Cyrille Isaac-Sibille, député de la 12° circonscription du Rhône, dans laquelle se trouve la ville de Pierre-Bénite, une des plus touchées de France par la pollution aux perfluorés, vient de faire voter un amendement pour repousser les normes des rejets en France. Cyrille Isaac-Sibille s'était toujours présenté comme un acteur de la lutte contre les "polluants éternels".
Alors que la rédaction de France 3 Rhône-Alpes vient de révéler la contamination aux PFAS de certains de riverains de l'usine de Pierre-Bénite, au sud de Lyon, le député du Rhône, Cyrille Isaac-Sibille a fait voter, le 31 mai dernier, en commission, un amendement pour reporter la limitation des rejets de PFAS dans l'environnement de 2024 à 2026.
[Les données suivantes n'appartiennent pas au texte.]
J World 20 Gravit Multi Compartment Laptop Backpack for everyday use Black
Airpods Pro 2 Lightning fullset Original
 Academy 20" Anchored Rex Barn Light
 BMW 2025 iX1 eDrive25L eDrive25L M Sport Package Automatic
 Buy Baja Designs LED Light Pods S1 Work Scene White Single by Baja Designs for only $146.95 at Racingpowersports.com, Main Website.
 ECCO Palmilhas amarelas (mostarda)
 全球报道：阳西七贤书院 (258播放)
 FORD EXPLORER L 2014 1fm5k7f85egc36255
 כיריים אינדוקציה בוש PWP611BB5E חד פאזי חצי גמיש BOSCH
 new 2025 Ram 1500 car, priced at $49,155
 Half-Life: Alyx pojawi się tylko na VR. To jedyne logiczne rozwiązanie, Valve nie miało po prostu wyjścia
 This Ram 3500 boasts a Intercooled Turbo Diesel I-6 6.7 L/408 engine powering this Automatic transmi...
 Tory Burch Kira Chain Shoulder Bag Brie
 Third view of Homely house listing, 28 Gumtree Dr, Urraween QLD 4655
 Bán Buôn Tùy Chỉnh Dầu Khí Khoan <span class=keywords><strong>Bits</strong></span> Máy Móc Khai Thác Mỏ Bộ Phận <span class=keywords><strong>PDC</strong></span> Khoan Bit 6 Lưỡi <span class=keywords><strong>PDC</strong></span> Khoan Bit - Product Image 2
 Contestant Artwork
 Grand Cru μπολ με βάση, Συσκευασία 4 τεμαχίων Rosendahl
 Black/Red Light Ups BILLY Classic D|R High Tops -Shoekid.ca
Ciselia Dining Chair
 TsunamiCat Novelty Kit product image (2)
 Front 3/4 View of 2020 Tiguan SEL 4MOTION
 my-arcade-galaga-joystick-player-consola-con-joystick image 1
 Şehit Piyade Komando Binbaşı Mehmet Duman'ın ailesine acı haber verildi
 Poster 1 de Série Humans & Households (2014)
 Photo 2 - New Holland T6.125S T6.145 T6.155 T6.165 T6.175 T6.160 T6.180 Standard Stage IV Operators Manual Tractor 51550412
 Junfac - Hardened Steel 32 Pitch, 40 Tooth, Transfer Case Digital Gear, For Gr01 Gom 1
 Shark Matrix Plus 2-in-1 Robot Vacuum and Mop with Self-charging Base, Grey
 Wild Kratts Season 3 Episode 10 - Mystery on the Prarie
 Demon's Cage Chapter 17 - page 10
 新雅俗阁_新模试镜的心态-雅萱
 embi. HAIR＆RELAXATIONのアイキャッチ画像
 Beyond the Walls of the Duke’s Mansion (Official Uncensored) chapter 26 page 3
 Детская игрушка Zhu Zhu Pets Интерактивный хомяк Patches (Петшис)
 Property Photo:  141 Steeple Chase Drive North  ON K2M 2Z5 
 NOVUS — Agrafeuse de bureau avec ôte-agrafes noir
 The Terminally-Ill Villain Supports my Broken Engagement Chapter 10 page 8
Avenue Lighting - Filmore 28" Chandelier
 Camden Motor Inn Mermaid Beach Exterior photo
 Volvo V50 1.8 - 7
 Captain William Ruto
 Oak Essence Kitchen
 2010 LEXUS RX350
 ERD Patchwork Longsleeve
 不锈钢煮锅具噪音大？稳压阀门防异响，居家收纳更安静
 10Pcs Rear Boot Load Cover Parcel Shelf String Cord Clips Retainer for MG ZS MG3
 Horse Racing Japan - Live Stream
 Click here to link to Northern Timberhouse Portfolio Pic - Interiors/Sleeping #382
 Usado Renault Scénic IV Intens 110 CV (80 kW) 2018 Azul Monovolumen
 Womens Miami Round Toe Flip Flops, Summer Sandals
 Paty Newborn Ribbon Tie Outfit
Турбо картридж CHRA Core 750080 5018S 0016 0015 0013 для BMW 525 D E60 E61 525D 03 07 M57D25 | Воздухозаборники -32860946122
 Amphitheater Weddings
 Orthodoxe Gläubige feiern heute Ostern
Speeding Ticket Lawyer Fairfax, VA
"Le présent amendement a pour objectif de reculer la date d'entrée en vigueur de cette interdiction, afin de pouvoir recenser les données scientifiques et techniques nécessaires à l'élaboration de valeurs limites de rejets de substances polyfluoroalkyles et perfluoroalkyles en milieu naturel. Si le principe de précaution est nécessaire en la matière, l'évaluation de l'impact sanitaire et environnemental de chaque substance chimique exige du temps, qu'une interdiction dès 2024 ne permettrait pas", peut-on lire dans l'exposé de son amendement qui a été adopté.
Cet amendement a été adopté en commission dans le cadre d'une loi déposée par le groupe LIOT, visant à limiter la contamination par les substances PFAS dans l'environnement. La loi n'a pas été adoptée, elle sera discutée demain à l'Assemblée.
"C'est pas le tout de fixer des seuils... Encore faut-il qu'on ait l'information scientifique qui nous dise quel PFAS il faut aller surveiller (...). Ce n'est qu'une fois qu'on aura l'ensemble des informations que l'on pourra avoir une politique convergente française et européenne. C'est pour cela qu'il faut repousser la date à 2026", l'entend-on s'expliquer sur la retransmission de la commission.
Le député de la 12° circonscription du Rhône, qui comprend la ville de Pierre-Bénite s’est également opposé à un amendement du député EELV Nicolas Thierry demandant l’interdiction des PFAS en tant que famille. Cette proposition est actuellement portée par 5 pays au niveau de l’Union Européenne. "Je réinsiste. Des PFAS, il y en a plus de 4000 ! Ce qu'il faut, c’est connaître. Les seuils, ceux qui sont toxiques, les études d’imprégnation. Moi je le vois au niveau de mon territoire, les industriels, ils ne vont pas attendre l’interdiction... ils vont anticiper. Ce qui est important c’est le message, c’est la prise de conscience", s’exprime-t-il. Il n'a par ailleurs pas voté deux autres amendements, l'un demandant l'obligation de chercher les PFAS dans l'eau potable, le deuxième exigeant une contribution financière de l'industriel aux opérations de dépollution.
Des interventions qui pourraient paraître contradictoires avec la position affichée par le député. Cyrille Isaac-Sibille était en effet, en septembre 2022, demandeur d'une commission d'enquête "pour mieux connaître" les effets de substances dans l'environnement. Il a précisé sur notre antenne que cette commission permettrait d’avoir "une réponse nationale" face à la pollution aux PFAS. Par communiqué, il indique être "resté fidèle à sa position en ayant fait adopter quatre amendements (...) permettant d’aligner ce texte aux dispositions votées en octobre et de le rendre concordant au droit européen". Il ajoute également, "une nouvelle fois, nous affirmons notre engagement en faveur de la lutte contre les PFAS et envoyons un signal fort à nos voisins européens : celui que la France est prête et déterminée à mettre en place des interdictions communes !"
Dans le cadre de la même loi, le député a également fait voter un amendement élargissant le champ des produits concernés par l'interdiction des PFAS. Elle concernait, en première mouture, uniquement les emballages alimentaires. Cyrille Isaac-Sibille y a fait rajouter "les ustensiles de cuisine, les auxiliaires technologiques utilisés par l’industrie agroalimentaire durant la préparation ou la transformation d’aliments, les jouets, les articles de puériculture, les couches pour bébés et les produits de protection d’hygiène intime".
Des propositions paradoxales, dénoncées par le député Nicolas Thierry, du groupe EELV. "En voulant se caler sur la restriction européenne, qui n'interviendra pas avant au moins 2033, on a l’impression que le député était en mission pour gagner du temps. C’est exactement la stratégie qui a été appliquée aux Etats-Unis", affirme-t-il.